The majority of the institutes do not go this far, in the near future at least offering a positive outlook for 1995 after the much better than expected recovery this year from recession. Thanks to continuing strong export demands, and surprisingly robust investment activity by firms, the German economy is forecast to grow by 3 per cent in 1995 after 2.5 per cent this year. One of the institutes, the neo- Keynsian DIW in Berlin, took a more sceptical view, warning that weak consumption and faltering investment would drag growth back to only 1.5 per cent in Germany next year.

But even the optimistic majority concedes that the expected good economic performance in 1995 will make only a slight dent on the high level of unemployment inherited from recession. It is forecast to fall marginally by 120,000 to 3.6 million next year.
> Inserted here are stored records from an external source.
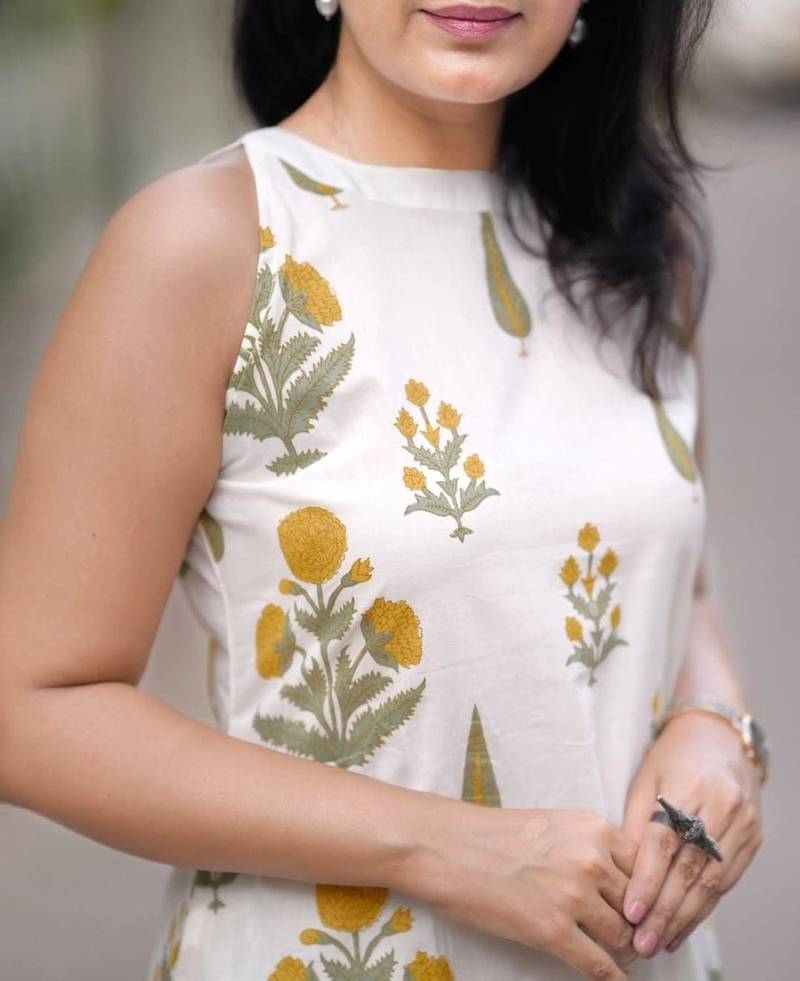 White & Yellow Floral Printed Cotton Co-ord Set for Women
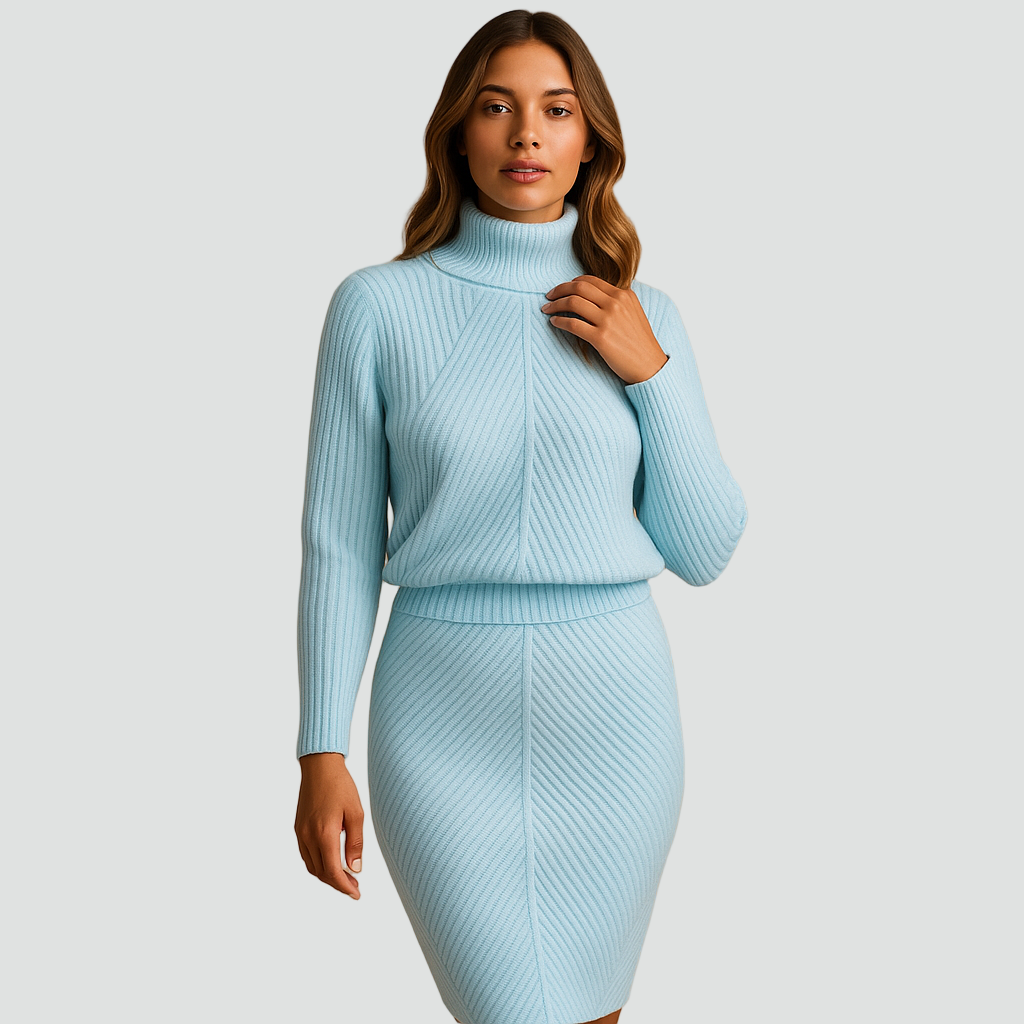 Dzianinowy komplet zimowy z golfem i spódnicą midi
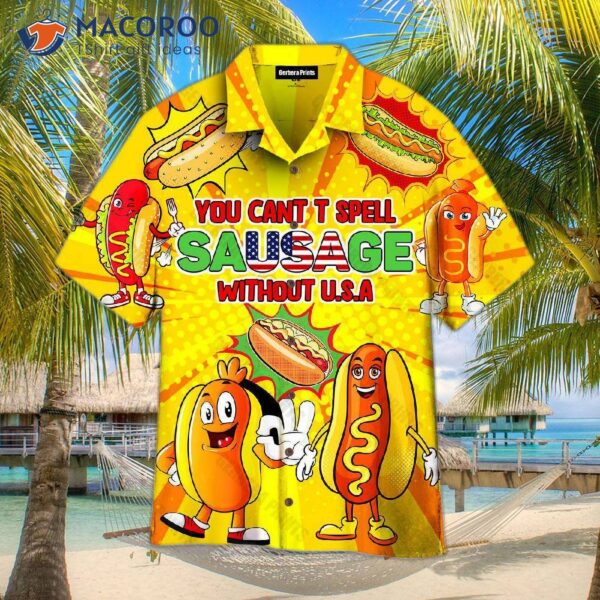 “hot Dog Pop Art Happy Fourth Of July Hawaiian Shirts”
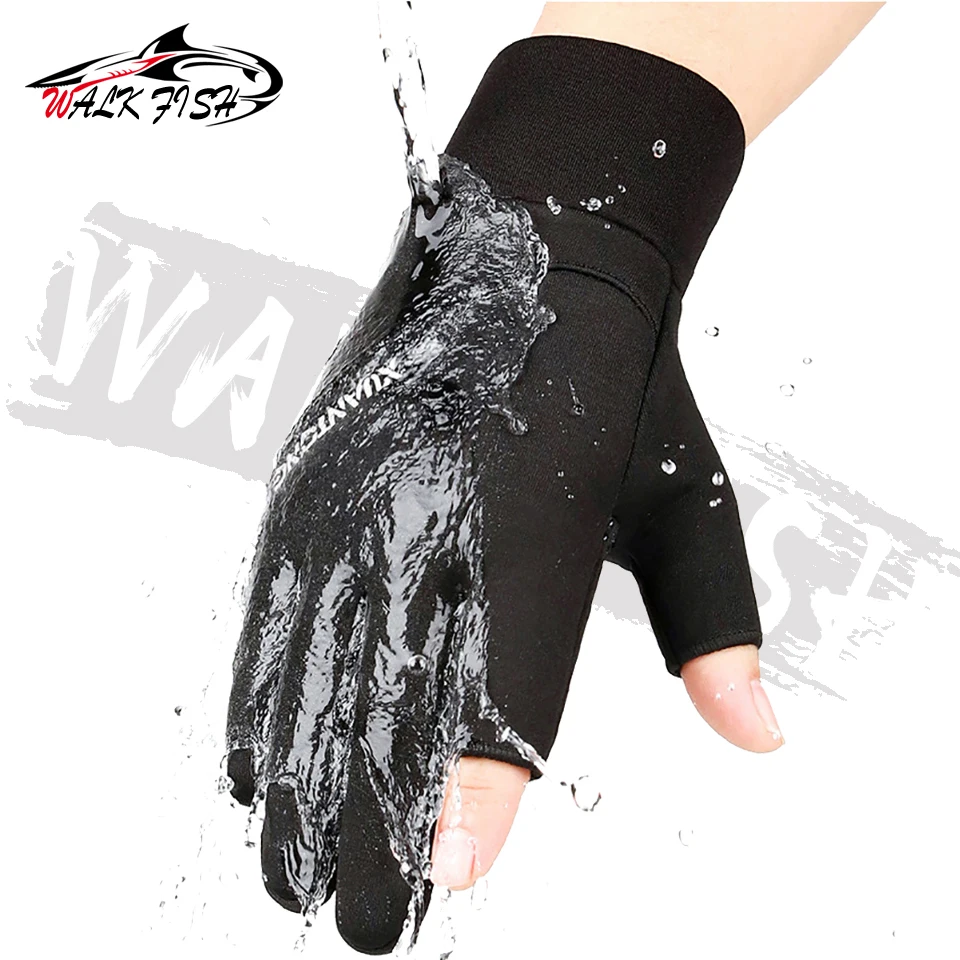 WALK FISH-guantes de pesca de invierno para deportes al aire libre, 2 dedos, cálidos, antideslizantes, resistentes al agua, para ciclismo y pesca, 1 par - imagen 3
To achieve a significant reduction in unemployment the strong growth needs to be put on a sound long-term basis, the institutes stated and that requires a number of key tasks to be fulfilled. High on the list is the curbing of public spending over many years. This places the government's finance policy before 'extremely great challenges', the institutes noted.

The introduction of a 7.5 per cent income tax surcharge in January 1995, pushing tax levels to record heights, makes an as speedy as possible reversal of the trend, vital.